Nor is OFAC’s recent crypto focus surprising, according to Robert A. Schwinger, partner in the commercial litigation group at Norton Rose Fulbright. The United States government has no choice but to rein in this new, cryptocurrency asset class because “not to do so would expose it to the risk that its sanctions regime could be rendered toothless by new financial technology.

Players in the cryptocurrency space who ignore the restrictions imposed by U.S. international sanctions are being put on notice that they do so at their peril,” he wrote on

Is DeFi Problematic?

As crypto adoption grows, it seems only inevitable that its decentralized finance (DeFi) networks will push up against more nation-state prerogatives, including economic sanctions. But isn’t there something inherently problematic about cracking down on a decentralized exchange (DEX)? Does the exchange even have a headquarters address? Is anyone even home at home? And should it even answer to someone if it’s truly decentralized?

Enforcing regulations in a decentralized world presents certain challenges, Timothy Massad, former chairman of the U.S. Commodity Futures Trading Commission and now a senior fellow at Harvard University Kennedy School, tells Magazine, but U.S. regulators are “trying to figure it out.”

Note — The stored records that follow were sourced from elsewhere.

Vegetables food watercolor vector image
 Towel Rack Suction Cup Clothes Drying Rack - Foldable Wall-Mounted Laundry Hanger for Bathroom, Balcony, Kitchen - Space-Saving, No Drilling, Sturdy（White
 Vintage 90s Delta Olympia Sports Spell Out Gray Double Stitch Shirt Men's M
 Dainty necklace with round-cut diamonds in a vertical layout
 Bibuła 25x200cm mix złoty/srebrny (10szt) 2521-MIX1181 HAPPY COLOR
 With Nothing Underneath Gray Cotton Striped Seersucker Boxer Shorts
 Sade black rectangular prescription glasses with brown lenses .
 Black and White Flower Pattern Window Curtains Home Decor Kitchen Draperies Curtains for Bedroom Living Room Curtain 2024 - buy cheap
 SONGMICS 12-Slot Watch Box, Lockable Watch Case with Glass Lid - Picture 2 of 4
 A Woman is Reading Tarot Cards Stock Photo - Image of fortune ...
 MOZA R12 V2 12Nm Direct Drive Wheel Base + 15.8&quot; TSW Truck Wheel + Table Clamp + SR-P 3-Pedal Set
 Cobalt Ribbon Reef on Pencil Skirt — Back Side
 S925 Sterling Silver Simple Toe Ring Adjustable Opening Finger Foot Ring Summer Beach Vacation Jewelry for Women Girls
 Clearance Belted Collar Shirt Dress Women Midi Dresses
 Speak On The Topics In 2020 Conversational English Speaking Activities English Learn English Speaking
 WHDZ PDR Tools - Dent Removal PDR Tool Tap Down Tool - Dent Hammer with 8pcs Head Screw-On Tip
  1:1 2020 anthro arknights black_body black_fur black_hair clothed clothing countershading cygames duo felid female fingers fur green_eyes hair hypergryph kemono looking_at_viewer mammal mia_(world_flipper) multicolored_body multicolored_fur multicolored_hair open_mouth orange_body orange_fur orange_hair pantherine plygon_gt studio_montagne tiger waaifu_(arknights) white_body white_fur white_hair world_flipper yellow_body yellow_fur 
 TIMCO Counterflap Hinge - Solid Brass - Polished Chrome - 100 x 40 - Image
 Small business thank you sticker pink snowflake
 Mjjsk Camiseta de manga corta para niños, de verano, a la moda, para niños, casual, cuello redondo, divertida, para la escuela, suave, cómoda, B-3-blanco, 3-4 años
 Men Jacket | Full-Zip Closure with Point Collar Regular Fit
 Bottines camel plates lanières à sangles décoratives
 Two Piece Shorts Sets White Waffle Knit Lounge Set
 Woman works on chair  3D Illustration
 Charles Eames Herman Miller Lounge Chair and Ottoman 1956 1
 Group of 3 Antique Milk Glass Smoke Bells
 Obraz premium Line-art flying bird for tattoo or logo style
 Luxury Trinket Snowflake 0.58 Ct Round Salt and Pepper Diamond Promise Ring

Might the government eventually put more pressure on developers at DeFi firms, including decentralized exchanges? “Yes, they can build into the code some proper procedures… but it’s a lot easier to go after centralized intermediaries,” says Massad.

“I think we’ll see DeFi developers come under real pressure to ensure their platforms can’t be abused for sanctions evasion — for example, by enforcing address blacklisting,” says Carlisle, adding, “There’s a lot of talk lately about [traditional] financial institutions taking interest in DeFi, but it’s hard to imagine major institutions participating in DeFi unless they’re confident it can be compatible with sanctions requirements.”

DeFi projects are “decentralized, disintermediated and borderless — everything our legal and regulatory frameworks are not,” Ferreira informs Magazine. The latter are built around centralized, intermediated and jurisdiction-based architecture.

“Therefore, this is a challenge and a learning curve for regulators, and not all proposed solutions will be optimal,” Ferreira adds.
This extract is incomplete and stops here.